■ PROBLEM
Whatever lies between the line that holds "The Golden Ridge Hotel" and the final line of the records below, both included, should be repeated exactly; leave out the pictures and add nothing.
**** EXCERPTED DATA
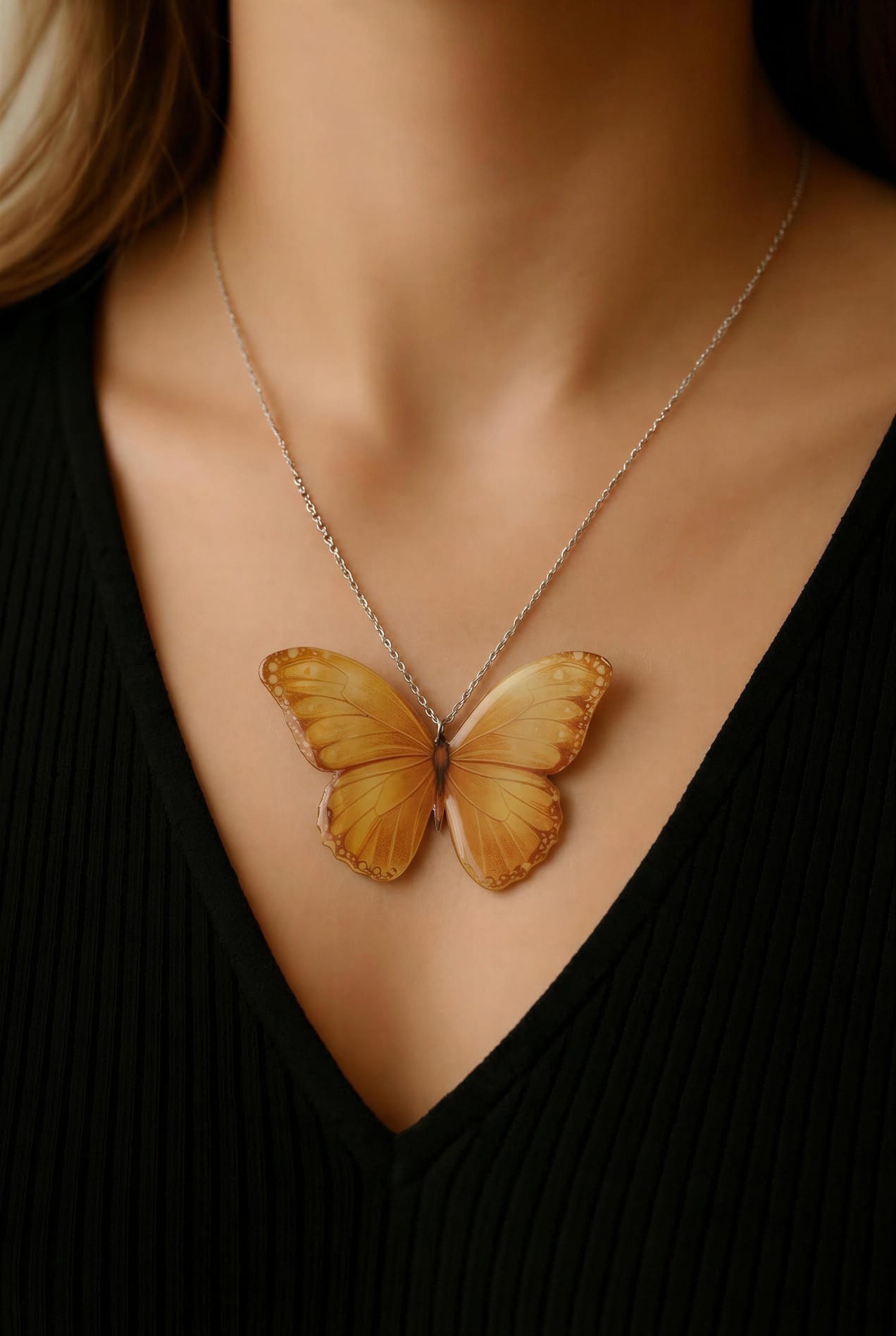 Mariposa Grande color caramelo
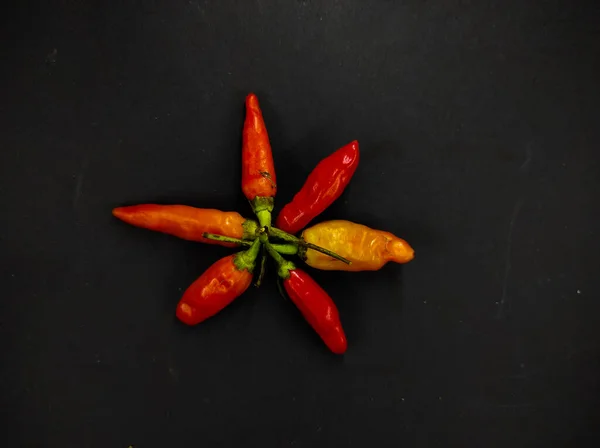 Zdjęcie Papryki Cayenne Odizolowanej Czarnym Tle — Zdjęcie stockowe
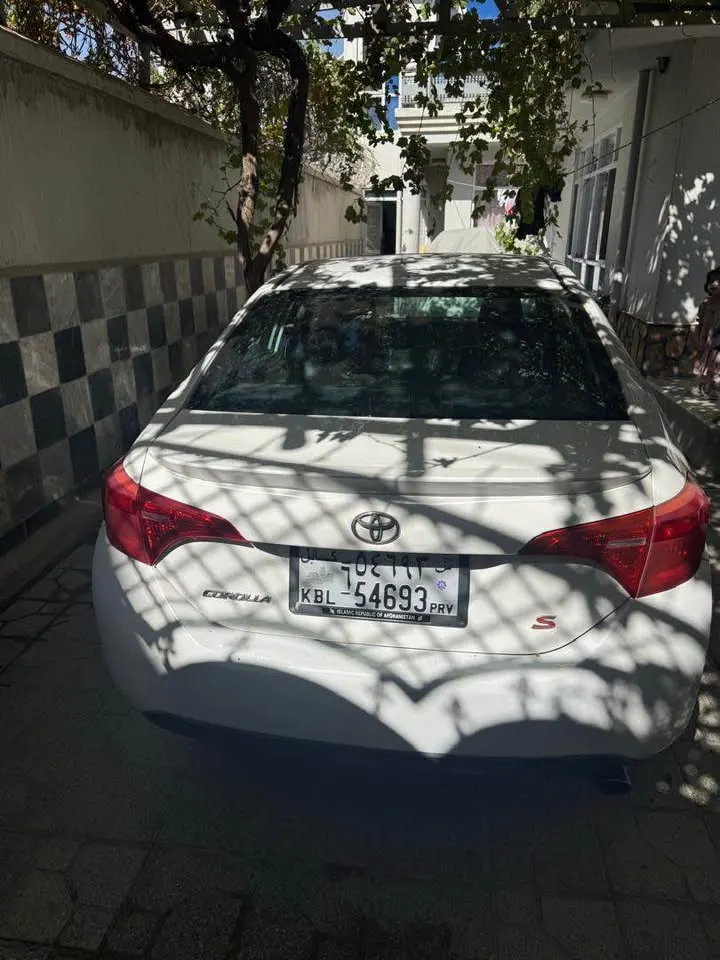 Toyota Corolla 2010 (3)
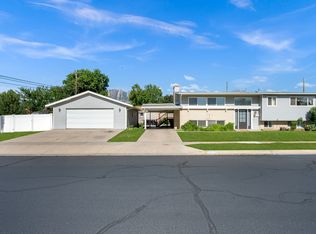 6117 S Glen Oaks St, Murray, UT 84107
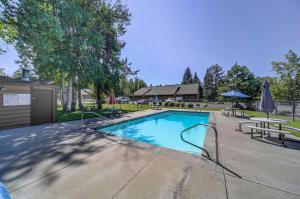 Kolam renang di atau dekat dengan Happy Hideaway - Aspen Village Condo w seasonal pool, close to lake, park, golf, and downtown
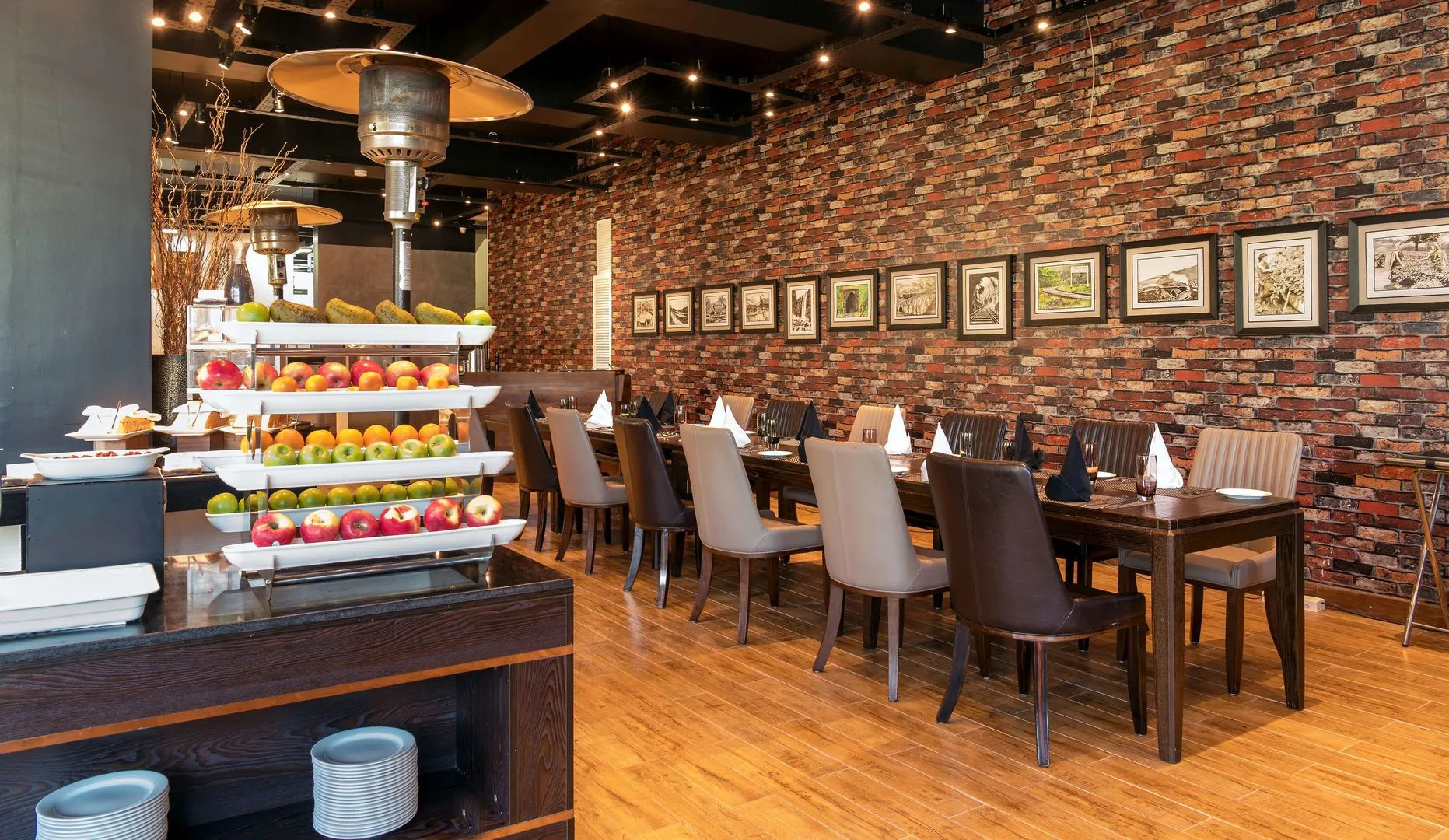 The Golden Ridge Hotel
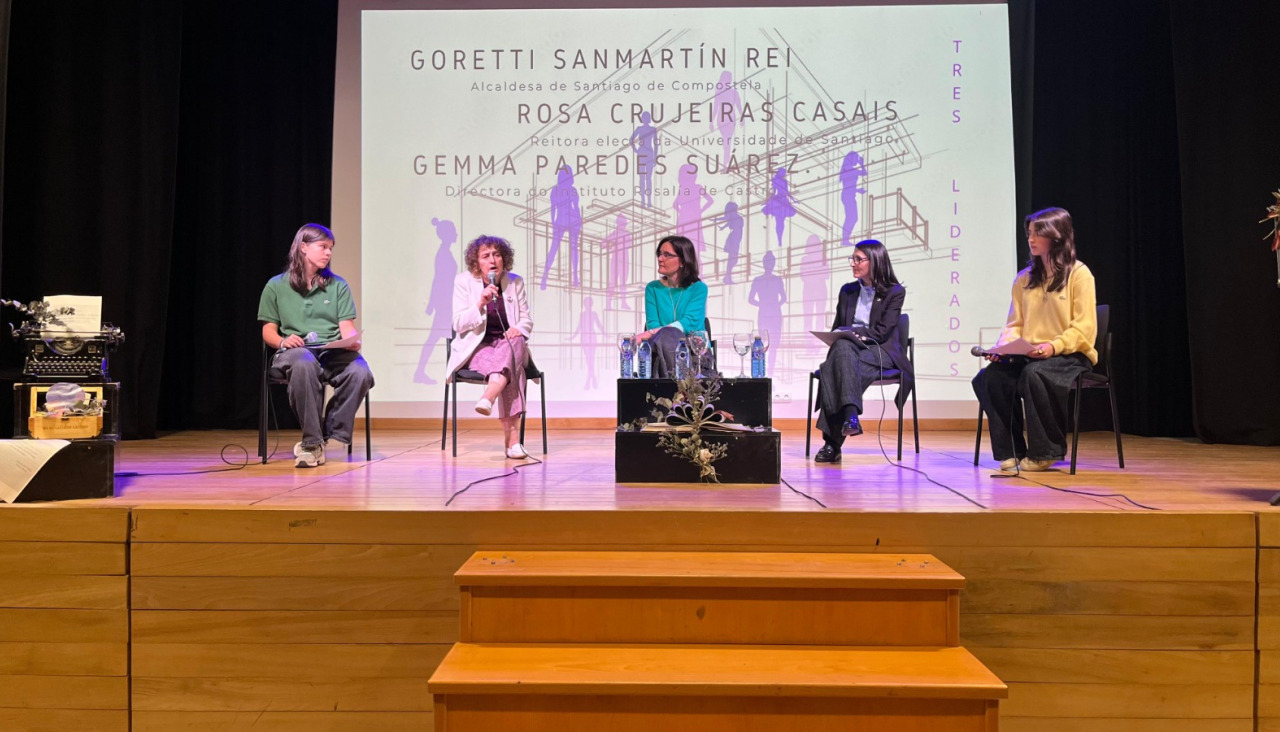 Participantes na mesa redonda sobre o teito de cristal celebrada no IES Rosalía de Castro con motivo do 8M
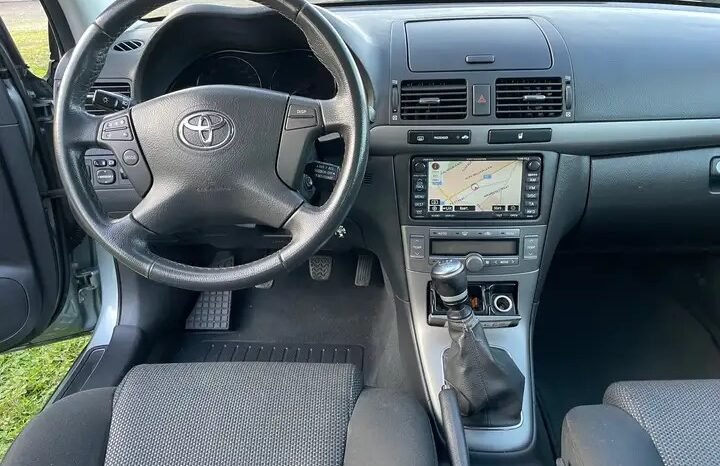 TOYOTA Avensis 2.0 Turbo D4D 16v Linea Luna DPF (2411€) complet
********
■ RESULT OF THE EXERCISE
 The Golden Ridge Hotel
 Participantes na mesa redonda sobre o teito de cristal celebrada no IES Rosalía de Castro con motivo do 8M
 TOYOTA Avensis 2.0 Turbo D4D 16v Linea Luna DPF (2411€) complet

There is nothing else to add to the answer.